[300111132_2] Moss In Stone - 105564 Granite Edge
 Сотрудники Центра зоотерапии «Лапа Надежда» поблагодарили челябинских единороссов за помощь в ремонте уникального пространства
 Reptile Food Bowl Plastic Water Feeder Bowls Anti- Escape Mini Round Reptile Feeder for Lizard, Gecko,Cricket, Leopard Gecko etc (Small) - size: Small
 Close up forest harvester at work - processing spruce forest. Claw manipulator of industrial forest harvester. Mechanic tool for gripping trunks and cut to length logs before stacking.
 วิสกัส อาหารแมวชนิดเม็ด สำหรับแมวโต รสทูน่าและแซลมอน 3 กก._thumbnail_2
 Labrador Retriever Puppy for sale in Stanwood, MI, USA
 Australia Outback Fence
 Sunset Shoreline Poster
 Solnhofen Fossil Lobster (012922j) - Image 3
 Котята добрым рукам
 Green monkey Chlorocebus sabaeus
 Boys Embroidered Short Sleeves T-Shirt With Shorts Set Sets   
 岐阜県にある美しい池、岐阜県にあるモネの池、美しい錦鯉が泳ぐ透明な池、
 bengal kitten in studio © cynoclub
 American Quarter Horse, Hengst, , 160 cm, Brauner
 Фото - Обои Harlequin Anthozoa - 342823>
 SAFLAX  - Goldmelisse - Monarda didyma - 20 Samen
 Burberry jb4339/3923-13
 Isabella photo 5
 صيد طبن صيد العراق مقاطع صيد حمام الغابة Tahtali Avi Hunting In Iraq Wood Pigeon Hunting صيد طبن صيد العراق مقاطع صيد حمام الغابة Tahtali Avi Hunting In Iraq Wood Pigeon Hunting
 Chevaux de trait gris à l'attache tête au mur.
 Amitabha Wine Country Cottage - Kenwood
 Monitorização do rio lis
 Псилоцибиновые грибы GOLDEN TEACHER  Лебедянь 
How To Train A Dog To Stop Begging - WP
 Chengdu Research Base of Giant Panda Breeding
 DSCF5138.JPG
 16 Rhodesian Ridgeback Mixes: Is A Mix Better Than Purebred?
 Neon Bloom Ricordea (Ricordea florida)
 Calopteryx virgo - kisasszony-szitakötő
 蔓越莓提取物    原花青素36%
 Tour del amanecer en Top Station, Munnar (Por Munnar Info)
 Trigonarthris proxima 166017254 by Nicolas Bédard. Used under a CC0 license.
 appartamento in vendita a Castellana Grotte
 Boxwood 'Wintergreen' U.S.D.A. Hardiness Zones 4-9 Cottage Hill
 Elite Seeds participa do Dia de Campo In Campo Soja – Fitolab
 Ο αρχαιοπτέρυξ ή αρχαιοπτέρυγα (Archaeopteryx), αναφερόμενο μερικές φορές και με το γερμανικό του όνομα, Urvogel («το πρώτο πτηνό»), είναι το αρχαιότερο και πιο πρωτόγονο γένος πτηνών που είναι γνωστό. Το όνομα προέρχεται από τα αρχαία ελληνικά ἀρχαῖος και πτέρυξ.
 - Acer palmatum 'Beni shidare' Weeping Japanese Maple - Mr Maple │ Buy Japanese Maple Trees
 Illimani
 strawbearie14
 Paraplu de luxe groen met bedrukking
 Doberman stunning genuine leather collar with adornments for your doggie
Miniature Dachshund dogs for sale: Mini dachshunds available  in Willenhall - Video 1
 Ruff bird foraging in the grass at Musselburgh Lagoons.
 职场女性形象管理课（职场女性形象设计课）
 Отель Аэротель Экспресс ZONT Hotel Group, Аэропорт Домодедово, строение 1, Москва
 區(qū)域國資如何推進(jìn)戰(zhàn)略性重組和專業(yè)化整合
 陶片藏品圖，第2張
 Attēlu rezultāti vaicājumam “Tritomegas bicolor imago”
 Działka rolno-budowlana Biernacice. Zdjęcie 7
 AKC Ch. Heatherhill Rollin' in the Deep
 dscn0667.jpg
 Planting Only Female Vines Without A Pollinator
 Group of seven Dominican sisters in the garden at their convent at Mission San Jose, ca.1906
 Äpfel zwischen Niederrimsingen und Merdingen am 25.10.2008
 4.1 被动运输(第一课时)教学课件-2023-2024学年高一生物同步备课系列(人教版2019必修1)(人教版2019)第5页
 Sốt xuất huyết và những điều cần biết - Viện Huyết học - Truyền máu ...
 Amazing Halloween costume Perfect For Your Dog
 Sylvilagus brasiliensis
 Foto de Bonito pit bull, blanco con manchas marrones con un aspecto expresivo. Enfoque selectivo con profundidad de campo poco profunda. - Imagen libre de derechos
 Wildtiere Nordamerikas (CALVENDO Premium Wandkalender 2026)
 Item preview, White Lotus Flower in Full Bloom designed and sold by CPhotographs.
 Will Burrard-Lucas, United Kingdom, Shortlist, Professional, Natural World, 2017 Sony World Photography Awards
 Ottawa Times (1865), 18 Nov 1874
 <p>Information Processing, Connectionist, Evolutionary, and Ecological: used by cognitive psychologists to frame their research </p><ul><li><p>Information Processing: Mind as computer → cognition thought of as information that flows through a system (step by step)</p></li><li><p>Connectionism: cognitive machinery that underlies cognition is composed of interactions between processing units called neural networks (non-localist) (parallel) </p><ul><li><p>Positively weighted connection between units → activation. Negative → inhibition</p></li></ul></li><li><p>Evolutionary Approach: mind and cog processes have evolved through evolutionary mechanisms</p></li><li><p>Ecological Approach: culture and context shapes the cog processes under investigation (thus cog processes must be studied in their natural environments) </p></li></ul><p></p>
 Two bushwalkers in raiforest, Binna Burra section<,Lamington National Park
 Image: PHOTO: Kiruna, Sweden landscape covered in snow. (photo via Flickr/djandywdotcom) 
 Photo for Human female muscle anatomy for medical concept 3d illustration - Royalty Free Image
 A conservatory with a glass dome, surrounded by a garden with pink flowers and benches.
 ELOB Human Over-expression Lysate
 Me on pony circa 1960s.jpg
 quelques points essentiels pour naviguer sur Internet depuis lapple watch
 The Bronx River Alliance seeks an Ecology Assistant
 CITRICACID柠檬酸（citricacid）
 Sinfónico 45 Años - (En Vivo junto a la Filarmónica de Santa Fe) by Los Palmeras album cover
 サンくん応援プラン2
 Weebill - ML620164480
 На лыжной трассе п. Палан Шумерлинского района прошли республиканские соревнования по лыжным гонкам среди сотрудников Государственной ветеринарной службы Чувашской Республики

+-------+

What to work on: Please give each line above again, word for word.

Result:
[300111132_2] Moss In Stone - 105564 Granite Edge
 Сотрудники Центра зоотерапии «Лапа Надежда» поблагодарили челябинских единороссов за помощь в ремонте уникального пространства
 Reptile Food Bowl Plastic Water Feeder Bowls Anti- Escape Mini Round Reptile Feeder for Lizard, Gecko,Cricket, Leopard Gecko etc (Small) - size: Small
 Close up forest harvester at work - processing spruce forest. Claw manipulator of industrial forest harvester. Mechanic tool for gripping trunks and cut to length logs before stacking.
 วิสกัส อาหารแมวชนิดเม็ด สำหรับแมวโต รสทูน่าและแซลมอน 3 กก._thumbnail_2
 Labrador Retriever Puppy for sale in Stanwood, MI, USA
 Australia Outback Fence
 Sunset Shoreline Poster
 Solnhofen Fossil Lobster (012922j) - Image 3
 Котята добрым рукам
 Green monkey Chlorocebus sabaeus
 Boys Embroidered Short Sleeves T-Shirt With Shorts Set Sets   
 岐阜県にある美しい池、岐阜県にあるモネの池、美しい錦鯉が泳ぐ透明な池、
 bengal kitten in studio © cynoclub
 American Quarter Horse, Hengst, , 160 cm, Brauner
 Фото - Обои Harlequin Anthozoa - 342823>
 SAFLAX  - Goldmelisse - Monarda didyma - 20 Samen
 Burberry jb4339/3923-13
 Isabella photo 5
 صيد طبن صيد العراق مقاطع صيد حمام الغابة Tahtali Avi Hunting In Iraq Wood Pigeon Hunting صيد طبن صيد العراق مقاطع صيد حمام الغابة Tahtali Avi Hunting In Iraq Wood Pigeon Hunting
 Chevaux de trait gris à l'attache tête au mur.
 Amitabha Wine Country Cottage - Kenwood
 Monitorização do rio lis
 Псилоцибиновые грибы GOLDEN TEACHER  Лебедянь 
How To Train A Dog To Stop Begging - WP
 Chengdu Research Base of Giant Panda Breeding
 DSCF5138.JPG
 16 Rhodesian Ridgeback Mixes: Is A Mix Better Than Purebred?
 Neon Bloom Ricordea (Ricordea florida)
 Calopteryx virgo - kisasszony-szitakötő
 蔓越莓提取物    原花青素36%
 Tour del amanecer en Top Station, Munnar (Por Munnar Info)
 Trigonarthris proxima 166017254 by Nicolas Bédard. Used under a CC0 license.
 appartamento in vendita a Castellana Grotte
 Boxwood 'Wintergreen' U.S.D.A. Hardiness Zones 4-9 Cottage Hill
 Elite Seeds participa do Dia de Campo In Campo Soja – Fitolab
 Ο αρχαιοπτέρυξ ή αρχαιοπτέρυγα (Archaeopteryx), αναφερόμενο μερικές φορές και με το γερμανικό του όνομα, Urvogel («το πρώτο πτηνό»), είναι το αρχαιότερο και πιο πρωτόγονο γένος πτηνών που είναι γνωστό. Το όνομα προέρχεται από τα αρχαία ελληνικά ἀρχαῖος και πτέρυξ.
 - Acer palmatum 'Beni shidare' Weeping Japanese Maple - Mr Maple │ Buy Japanese Maple Trees
 Illimani
 strawbearie14
 Paraplu de luxe groen met bedrukking
 Doberman stunning genuine leather collar with adornments for your doggie
Miniature Dachshund dogs for sale: Mini dachshunds available  in Willenhall - Video 1
 Ruff bird foraging in the grass at Musselburgh Lagoons.
 职场女性形象管理课（职场女性形象设计课）
 Отель Аэротель Экспресс ZONT Hotel Group, Аэропорт Домодедово, строение 1, Москва
 區(qū)域國資如何推進(jìn)戰(zhàn)略性重組和專業(yè)化整合
 陶片藏品圖，第2張
 Attēlu rezultāti vaicājumam “Tritomegas bicolor imago”
 Działka rolno-budowlana Biernacice. Zdjęcie 7
 AKC Ch. Heatherhill Rollin' in the Deep
 dscn0667.jpg
 Planting Only Female Vines Without A Pollinator
 Group of seven Dominican sisters in the garden at their convent at Mission San Jose, ca.1906
 Äpfel zwischen Niederrimsingen und Merdingen am 25.10.2008
 4.1 被动运输(第一课时)教学课件-2023-2024学年高一生物同步备课系列(人教版2019必修1)(人教版2019)第5页
 Sốt xuất huyết và những điều cần biết - Viện Huyết học - Truyền máu ...
 Amazing Halloween costume Perfect For Your Dog
 Sylvilagus brasiliensis
 Foto de Bonito pit bull, blanco con manchas marrones con un aspecto expresivo. Enfoque selectivo con profundidad de campo poco profunda. - Imagen libre de derechos
 Wildtiere Nordamerikas (CALVENDO Premium Wandkalender 2026)
 Item preview, White Lotus Flower in Full Bloom designed and sold by CPhotographs.
 Will Burrard-Lucas, United Kingdom, Shortlist, Professional, Natural World, 2017 Sony World Photography Awards
 Ottawa Times (1865), 18 Nov 1874
 <p>Information Processing, Connectionist, Evolutionary, and Ecological: used by cognitive psychologists to frame their research </p><ul><li><p>Information Processing: Mind as computer → cognition thought of as information that flows through a system (step by step)</p></li><li><p>Connectionism: cognitive machinery that underlies cognition is composed of interactions between processing units called neural networks (non-localist) (parallel) </p><ul><li><p>Positively weighted connection between units → activation. Negative → inhibition</p></li></ul></li><li><p>Evolutionary Approach: mind and cog processes have evolved through evolutionary mechanisms</p></li><li><p>Ecological Approach: culture and context shapes the cog processes under investigation (thus cog processes must be studied in their natural environments) </p></li></ul><p></p>
 Two bushwalkers in raiforest, Binna Burra section<,Lamington National Park
 Image: PHOTO: Kiruna, Sweden landscape covered in snow. (photo via Flickr/djandywdotcom) 
 Photo for Human female muscle anatomy for medical concept 3d illustration - Royalty Free Image
 A conservatory with a glass dome, surrounded by a garden with pink flowers and benches.
 ELOB Human Over-expression Lysate
 Me on pony circa 1960s.jpg
 quelques points essentiels pour naviguer sur Internet depuis lapple watch
 The Bronx River Alliance seeks an Ecology Assistant
 CITRICACID柠檬酸（citricacid）
 Sinfónico 45 Años - (En Vivo junto a la Filarmónica de Santa Fe) by Los Palmeras album cover
 サンくん応援プラン2
 Weebill - ML620164480
 На лыжной трассе п. Палан Шумерлинского района прошли республиканские соревнования по лыжным гонкам среди сотрудников Государственной ветеринарной службы Чувашской Республики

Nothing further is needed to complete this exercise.